# Problem description:
Scan the data and please report how many lines include the word "with". Leave out everything but the number.

# Provided information:
┌──

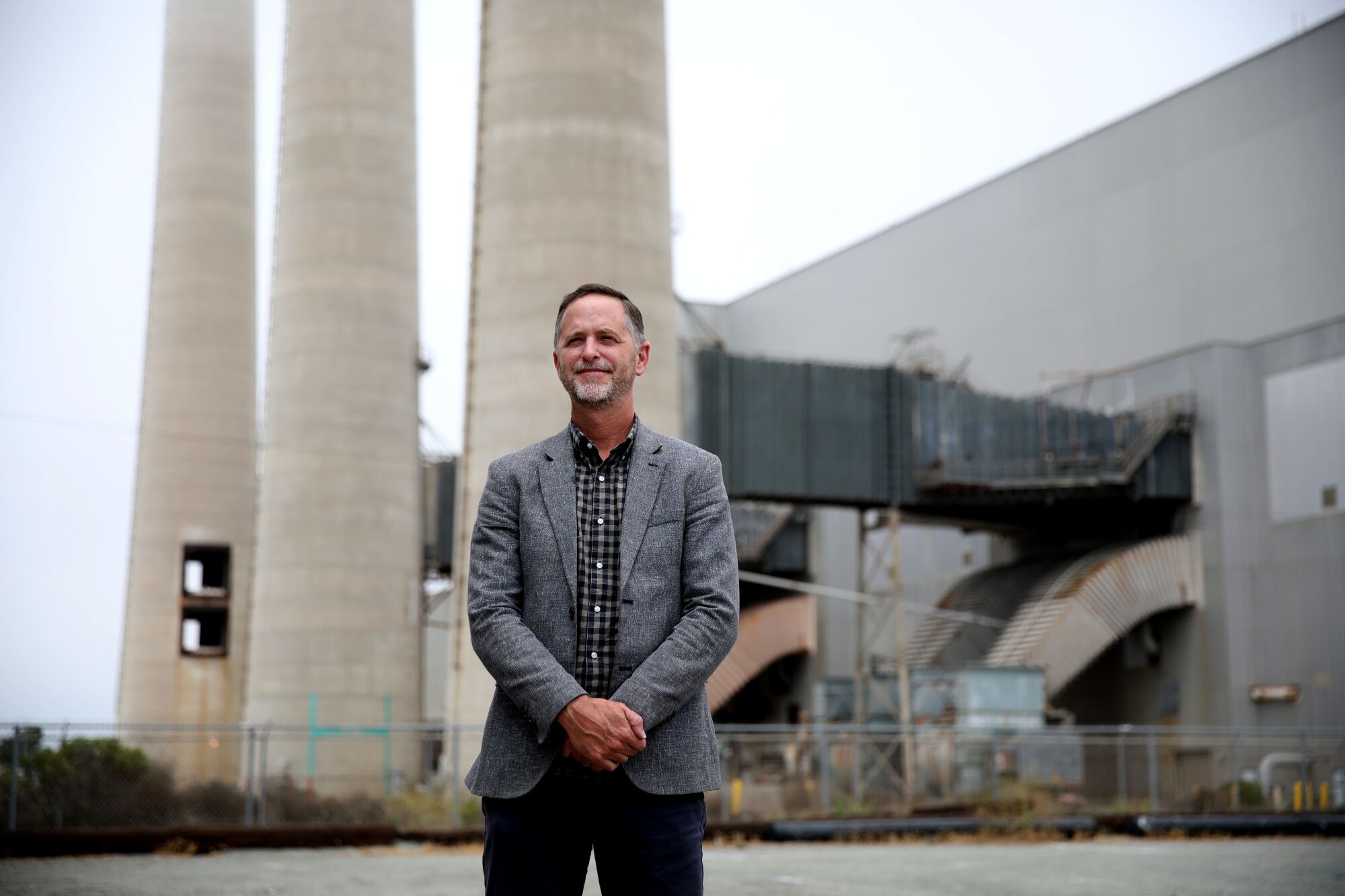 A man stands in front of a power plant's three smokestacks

└──
┌──

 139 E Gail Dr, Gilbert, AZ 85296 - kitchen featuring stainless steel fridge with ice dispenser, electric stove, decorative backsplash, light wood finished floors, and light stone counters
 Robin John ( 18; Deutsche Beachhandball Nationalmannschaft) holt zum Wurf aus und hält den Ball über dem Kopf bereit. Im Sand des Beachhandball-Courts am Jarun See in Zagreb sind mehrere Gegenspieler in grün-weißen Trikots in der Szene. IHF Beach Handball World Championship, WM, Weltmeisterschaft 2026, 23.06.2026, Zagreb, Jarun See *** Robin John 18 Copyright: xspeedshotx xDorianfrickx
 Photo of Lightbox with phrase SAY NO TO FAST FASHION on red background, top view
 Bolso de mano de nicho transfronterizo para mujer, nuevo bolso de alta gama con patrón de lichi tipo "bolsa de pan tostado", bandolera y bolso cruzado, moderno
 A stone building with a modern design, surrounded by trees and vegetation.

└──

# Solution:
3